Si Mabanckou se nourrit des grands textes de la littérature contemporaine, de Céline à Gabriel García Márquez en passant par James Baldwin, auquel il a consacré un livre en 2007 (Lettre à Jimmy), sans oublier son compatriote Sony Labou Tansi, il crée dans ses livres un univers bien à lui, cocasse et réaliste à la fois, où les personnages, qu’ils vivent en Afrique ou à Paris, se rient de leurs turpitudes.
Et ça marche ! Verre Cassé s’est vendu à 80 000 exemplaires, Mémoires de porc-épic à plus de 50 000 exemplaires. Black Bazar est en passe d’atteindre ce chiffre…
Jeune Afrique : Comment faut-il vous présenter : romancier francophone, romancier africain ?
Alain Mabanckou : Définissez-moi comme vous l’entendez, à condition que la définition ne porte pas la marque de l’exclusion ou du paternalisme, comme dans « écrivain francophone ». La distinction francophonie/français me semble aujourd’hui totalement caduque. En littérature, il n’y a que des bons et des mauvais livres.
Si l’on vous comprend bien, la seule identité qui compte, c’est la langue d’écriture ?
On me demande souvent pourquoi j’ai choisi d’écrire en français. La raison en est simple : c’est parce que c’est en français que j’ai appris à écrire. Ce qui me différencie de mes collègues français, c’est que je pratique quatre autres langues, sans compter maintenant l’anglais : le lingala, le munukutuba, le laari et le bembé. Je comprends par ailleurs plusieurs autres langues de l’Afrique centrale. De ce fait, chacune de mes phrases est le fruit d’une bataille entre les différents idiomes qui m’habitent. In fine, le français que mes livres donnent à lire est une langue refondue, réinventée, colonisée à son tour. C’est cette langue-là qui est ma véritable identité, ma marque de fabrique.
Dans Black Bazar, vous avez introduit tous les sujets qui vous tiennent à cœur : la colonisation, l’émigration, l’amour… Vous vouliez écrire un roman total ?
C’est le récit de la pagaille dans le monde noir de Paris. À travers mes personnages, qui sont souvent la transcription fidèle des êtres de chair et de sang que j’ai côtoyés, j’ai essayé d’explorer les grands problèmes qui obsèdent la communauté noire – dictature, guerres civiles, corruption… –, mais racontés sur le mode de la dérision. Le rire me semble plus efficace que le tragique.
Vous écrivez depuis bientôt quinze ans, mais c’est avec votre quatrième roman, Verre Cassé, publié en 2005, que le grand public vous a vraiment découvert.
C’est plutôt paradoxal.

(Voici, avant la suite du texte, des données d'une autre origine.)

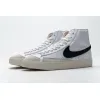 Bstsneaker- Nike Blazer Mid 77 White Black (W) CZ1055-100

Verre Cassé est mon livre le plus difficile à lire parce qu’il a une forme éclatée. La ponctuation s’y résume à des virgules, les références littéraires fourmillent… Ces difficultés avaient d’ailleurs fait craindre le pire à mon éditeur. À ma plus grande surprise, le bouche à oreille aidant, le lectorat est venu. Finalement, le livre s’est vendu à 80 000 exemplaires !
Quel est le secret de ce succès ?
Dans mes premiers romans, je pratiquais une écriture quasi scolaire : sujet, verbe, complément. Il m’a fallu plusieurs livres pour me rendre compte qu’on devient écrivain à partir du moment où l’on s’émancipe des règles de la langue. Une fois que j’ai compris cela, je me suis dit qu’il fallait que j’écrive dans la langue de mes personnages. C’est ce que je crois avoir réussi à faire dans Verre Cassé.
Dans Black Bazar, on pourrait dire que le monde commence dès le titre : « Black » est anglais et « bazar » est un mot d’origine persane. Un titre programmatique ?
Un titre programmatique qui annonce le Babel qu’on trouve dans le roman. Prisonniers de leur microcosme, en l’occurrence les ghettos africains de Paris, mes personnages réussissent à s’en échapper par leur imaginaire, peuplé de Luis Sepúlveda, de Saint-Exupéry, d’Ernest Hemingway et de Gabriel García Márquez. Les bars où se déroulent mes derniers romans n’ont d’intérêt que parce que les bruits et les chants du monde peuvent s’y infiltrer.
Le thème du roman est toutefois très africain. Il raconte les heurs et malheurs des Africains à Paris. Qu’est-ce qui vous a intéressé dans le vécu de cette diaspora ?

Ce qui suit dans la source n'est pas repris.